Life's Too Short
‘Life’s Too Short’ is Ricky Gervais and Stephen Merchant’s return to the fly-on-the-wall documentary style that made their reputation ten years ago. It is clear they are relishing the opportunity to revisit the strategy.
Their brand has always been a comedy of awkwardness, and the characters’ uneasy awareness of the camera crew contributes greatly to the success of the scenes, which is spectacularly captured in ‘Life’s Too Short’ maybe even more so than in ‘The Office’.
Whereas David Brent was a nobody who misguidedly played up to the cameras for a shot at reality-TV fame, ‘Life’s Too Short’ sees its lead actor Warwick Davis (playing a fictionalised version of himself) trying to appear confident and at ease onscreen, with equally unfortunate results.
He is an actor with thirty years experience; the camera should be his friend. The show seems, from the evidence of this first episode, to be about the many ways in which it is not.
Davis is having a hard time. His career isn’t booming, he owes £250,000 in back taxes, and his wife is arranging a divorce. He also runs an agency called ‘Dwarves for Hire’, where the phone never rings. Posters of his best-known movies adorn the office walls, contributing to one of the show’s more subtle jokes: he stresses his fame and household-name status, repeatedly citing ‘Return of the Jedi’ and ‘Willow’ as the two main examples. He does, of course, spend all his screen time in the former in a full-body Ewok costume, and the latter’s failure to recoup at the box office is remarked on early.

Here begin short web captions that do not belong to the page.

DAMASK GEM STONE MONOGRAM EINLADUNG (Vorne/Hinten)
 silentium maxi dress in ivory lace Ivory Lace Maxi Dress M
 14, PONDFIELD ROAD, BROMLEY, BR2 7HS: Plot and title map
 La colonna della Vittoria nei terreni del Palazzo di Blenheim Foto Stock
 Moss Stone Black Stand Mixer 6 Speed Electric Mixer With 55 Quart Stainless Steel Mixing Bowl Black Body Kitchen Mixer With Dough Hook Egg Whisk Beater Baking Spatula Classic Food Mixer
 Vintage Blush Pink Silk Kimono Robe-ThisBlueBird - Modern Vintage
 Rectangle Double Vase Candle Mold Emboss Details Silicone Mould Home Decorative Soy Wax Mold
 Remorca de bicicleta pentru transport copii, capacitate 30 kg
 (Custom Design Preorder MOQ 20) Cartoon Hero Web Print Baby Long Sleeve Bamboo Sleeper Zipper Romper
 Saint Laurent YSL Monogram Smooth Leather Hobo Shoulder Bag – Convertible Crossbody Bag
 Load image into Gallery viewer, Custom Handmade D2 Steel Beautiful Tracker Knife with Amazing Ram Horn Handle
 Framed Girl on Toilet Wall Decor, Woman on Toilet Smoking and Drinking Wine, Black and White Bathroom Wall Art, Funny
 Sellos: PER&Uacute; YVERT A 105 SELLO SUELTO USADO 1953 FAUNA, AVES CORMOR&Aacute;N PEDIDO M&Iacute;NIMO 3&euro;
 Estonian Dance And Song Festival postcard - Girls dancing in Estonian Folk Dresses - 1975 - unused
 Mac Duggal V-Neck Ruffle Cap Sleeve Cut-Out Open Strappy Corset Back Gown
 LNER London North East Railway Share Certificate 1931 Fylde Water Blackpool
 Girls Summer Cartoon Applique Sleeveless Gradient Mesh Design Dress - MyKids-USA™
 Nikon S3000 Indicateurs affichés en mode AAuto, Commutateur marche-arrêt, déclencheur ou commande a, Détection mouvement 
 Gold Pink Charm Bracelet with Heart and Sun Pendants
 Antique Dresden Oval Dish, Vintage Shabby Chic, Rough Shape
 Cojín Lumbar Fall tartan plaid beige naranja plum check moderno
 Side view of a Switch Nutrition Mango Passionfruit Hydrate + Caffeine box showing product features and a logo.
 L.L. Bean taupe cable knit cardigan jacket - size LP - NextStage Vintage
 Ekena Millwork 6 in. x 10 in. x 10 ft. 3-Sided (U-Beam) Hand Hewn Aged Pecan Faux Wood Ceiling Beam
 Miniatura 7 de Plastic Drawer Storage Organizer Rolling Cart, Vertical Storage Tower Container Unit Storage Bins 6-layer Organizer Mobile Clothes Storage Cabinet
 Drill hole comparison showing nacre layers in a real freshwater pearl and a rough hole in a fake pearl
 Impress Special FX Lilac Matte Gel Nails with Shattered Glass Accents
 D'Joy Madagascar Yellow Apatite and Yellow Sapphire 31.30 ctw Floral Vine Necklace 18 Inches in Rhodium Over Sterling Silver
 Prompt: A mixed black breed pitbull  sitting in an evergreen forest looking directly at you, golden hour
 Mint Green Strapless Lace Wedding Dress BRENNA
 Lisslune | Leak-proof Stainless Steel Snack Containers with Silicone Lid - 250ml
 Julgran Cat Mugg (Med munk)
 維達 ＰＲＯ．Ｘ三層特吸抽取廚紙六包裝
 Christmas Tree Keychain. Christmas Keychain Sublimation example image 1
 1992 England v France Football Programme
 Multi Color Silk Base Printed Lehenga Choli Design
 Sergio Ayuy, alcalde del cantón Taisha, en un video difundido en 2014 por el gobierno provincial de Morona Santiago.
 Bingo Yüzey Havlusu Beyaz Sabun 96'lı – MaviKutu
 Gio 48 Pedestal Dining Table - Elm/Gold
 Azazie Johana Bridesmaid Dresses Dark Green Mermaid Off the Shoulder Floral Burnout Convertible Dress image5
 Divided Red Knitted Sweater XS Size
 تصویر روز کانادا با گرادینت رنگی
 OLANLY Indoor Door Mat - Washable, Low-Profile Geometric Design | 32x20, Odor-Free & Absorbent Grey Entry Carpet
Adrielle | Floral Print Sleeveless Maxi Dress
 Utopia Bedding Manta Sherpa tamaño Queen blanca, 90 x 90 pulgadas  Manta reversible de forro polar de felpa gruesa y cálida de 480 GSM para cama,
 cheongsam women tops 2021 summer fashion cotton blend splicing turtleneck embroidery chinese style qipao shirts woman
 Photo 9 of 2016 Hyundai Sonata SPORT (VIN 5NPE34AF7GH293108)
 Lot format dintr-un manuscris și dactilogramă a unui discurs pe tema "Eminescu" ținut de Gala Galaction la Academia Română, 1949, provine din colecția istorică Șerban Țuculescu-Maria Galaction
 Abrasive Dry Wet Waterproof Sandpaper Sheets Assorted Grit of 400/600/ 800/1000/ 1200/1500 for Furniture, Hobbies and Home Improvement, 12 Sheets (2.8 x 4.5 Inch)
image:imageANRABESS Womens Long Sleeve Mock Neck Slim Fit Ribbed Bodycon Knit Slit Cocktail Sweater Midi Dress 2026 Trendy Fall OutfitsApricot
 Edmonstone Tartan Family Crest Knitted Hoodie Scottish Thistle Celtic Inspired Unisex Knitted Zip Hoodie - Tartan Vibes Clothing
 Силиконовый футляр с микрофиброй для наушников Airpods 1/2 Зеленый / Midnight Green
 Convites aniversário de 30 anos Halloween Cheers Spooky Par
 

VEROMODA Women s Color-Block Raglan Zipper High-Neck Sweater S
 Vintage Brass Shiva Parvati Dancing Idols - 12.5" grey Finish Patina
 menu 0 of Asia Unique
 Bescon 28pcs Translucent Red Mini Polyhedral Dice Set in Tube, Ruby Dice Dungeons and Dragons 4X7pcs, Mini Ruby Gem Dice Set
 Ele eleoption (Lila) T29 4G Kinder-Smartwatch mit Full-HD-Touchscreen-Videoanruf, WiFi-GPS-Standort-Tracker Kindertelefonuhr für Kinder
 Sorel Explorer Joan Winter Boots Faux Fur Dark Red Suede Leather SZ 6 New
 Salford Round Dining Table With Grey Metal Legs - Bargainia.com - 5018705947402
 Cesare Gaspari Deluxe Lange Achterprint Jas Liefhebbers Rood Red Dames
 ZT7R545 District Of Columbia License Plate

Both points are drawn on excellently for laughs, and an exchange between Davis and a passer-by who fails to recognise him is especially funny: “Who was you in that?” “I was an Ewok.” “Those little bears?” “They’re not little bears.”
The writers appear as themselves too; sitting in a very plush modern office and glancing occasionally at Davis’ camera crew as they less than politely try to get rid of him before someone more famous arrives. They haven’t portrayed themselves as nasty or dismissive, it is more Warwick Davis’ cloying candidness that puts them off, in a hilarious exchange that goes into unnecessary detail about his sex life.
Later in the episode Davis manages to deflect their hints that he should leave before their next meeting starts, which happens to be with Liam Neeson. The ensuing scene between the four of them is easily the funniest of the half hour, and may be up there with the best scenes from ‘Extras’ and ‘The Office’. Neeson’s stony-faced reading of himself is just wonderful, and the setup allows for numerous meta-jokes to sneak in without a hint of shoehorning.
The tone of the show will be familiar to anyone who knows Gervais and Merchant’s humour, and it seems a shrewd move to marginalise their own screen-time in favour of Warwick Davis, who is totally at home in the central role. It is a very promising start to a new series, and I have a feeling it might get better as it goes.